A life without perspective. (fictional)


The two of us spent a lot of time together. I woke up at midnight to check on him and he wasn’t breathing. I got worried and checked him again. I shook him, shook him hard. He wouldn’t wake up. He only did a half a bag, and that was hours ago. HOURS AGO. WAKE UP, PLEASE! I found the rest of the Heroin, we had 1 1/2 bags left. I used the rest of it, then I called the police. He was dead. I knew he was dead when I first saw him. I’m certain he had been dead for hours. He’s not the first friend who had died from heroin. How could this happen to me, again?

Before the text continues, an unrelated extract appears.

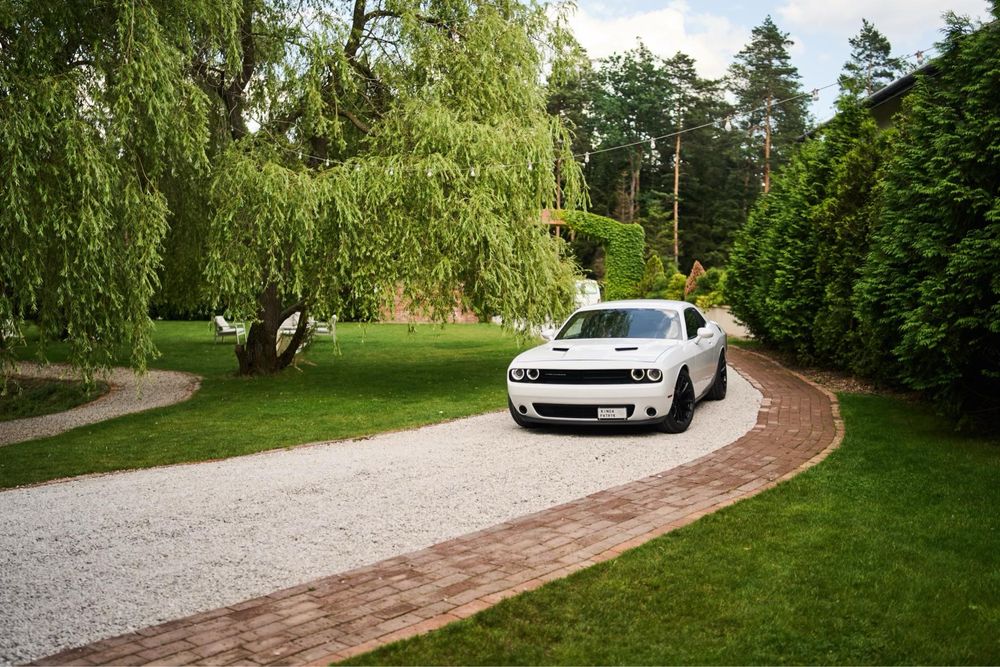 Samochód auto do ślubu Dodge Challenger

The paramedics were worried about me. I told them that I had finished the heroin we had bought together. They put me in the ambulance and took me to the emergency department. I wouldn’t let them give me any of that medicine. It makes me throw up, I hate it. I wouldn’t let them give it to me. I tried to sleep on the way to the emergency department and they wouldn’t let me. They wouldn’t let me.

The doctor said she was going to give me some narcan. NO, I said again. It makes me throw up! Why couldn’t she understand that? They told me if I fell asleep they would give it to me. I can’t fall asleep? I had asked her. It’s just my seroquel that’s making me sleepy. It’s not the heroin. I do six bags a day, this is nothing. Why can’t she understand me.

I drifted off and they woke me up. THey told me they were going to give me narcan. I started to cry. I’ve had a bad enough day, and now they want to do this???